The function test1! forms Y explicitly allocating it as an n x n work array and performs 2n^3 flops, while test2! computes directly the elements of the upper triangular part, without any allocation and performing n^2(n+1) flops (about the half of previous figure).
Comparing the performance of the two functions for n = 1000, I get the following results

using LinearAlgebra
using BenchmarkTools
n = 1000
A = rand(n,n); X = hermitianpart!(rand(n,n));
y = similar(A,Int(n*(n+1)/2));
y1 = similar(A,Int(n*(n+1)/2));
julia> @btime test1!(y,$A,$X)
  1.825 s (4 allocations: 7.63 MiB)

julia> @btime test2!(y1,$A,$X)
  3.512 s (1 allocation: 32 bytes)

Surprisingly (for me!), test1! is two times faster than test2!, although I expected the oposite.

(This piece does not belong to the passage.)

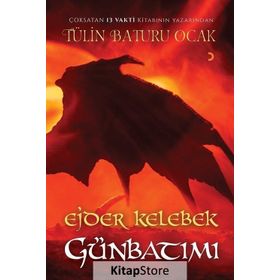 Ejder Kelebek Günbatımı - Tülin Baturu Ocak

The computed values agrees:
j

ulia> @time test1!(y,A,X)
  1.846396 seconds (3 allocations: 7.629 MiB)

julia> @time test2!(y1,A,X)
  3.509423 seconds

julia> @show norm(y-y1)/norm(y)
norm(y - y1) / norm(y) = 8.752998768126267e-16
8.752998768126267e-16

I am convinced I am overlooking something trivial, but I don’t know what.
Many thanks for your time in advance for any hint.

I am working with Julia 1.11.5 on Windows 11

julia> versioninfo()
Julia Version 1.11.5
Commit 760b2e5b73 (2025-04-14 06:53 UTC)
Build Info:
  Official https://julialang.org/ release
Platform Info:
  OS: Windows (x86_64-w64-mingw32)
  CPU: 16 × Intel(R) Core(TM) i7-10700 CPU @ 2.90GHz
  WORD_SIZE: 64
  LLVM: libLLVM-16.0.6 (ORCJIT, skylake)
Threads: 1 default, 0 interactive, 1 GC (on 16 virtual cores)
Environment:
  JULIA_EDITOR = code
  JULIA_VSCODE_REPL = 1

This is almost certainly because mul! is highly optimised, and much faster than anything you’d write by hand. Therefore, even if it does more work, it’s still overall faster.

9 Likes

(post deleted by author)

Without involving BLAS, the timing results are as expected:

julia> n = 100
100

julia> A = rand(BigFloat,n,n); X = hermitianpart!(rand(BigFloat,n,n));

julia> y = similar(A,Int(n*(n+1)/2));

julia> y1 = similar(A,Int(n*(n+1)/2));

julia> @btime test1!(y,$A,$X)
  319.409 ms (4280004 allocations: 210.50 MiB)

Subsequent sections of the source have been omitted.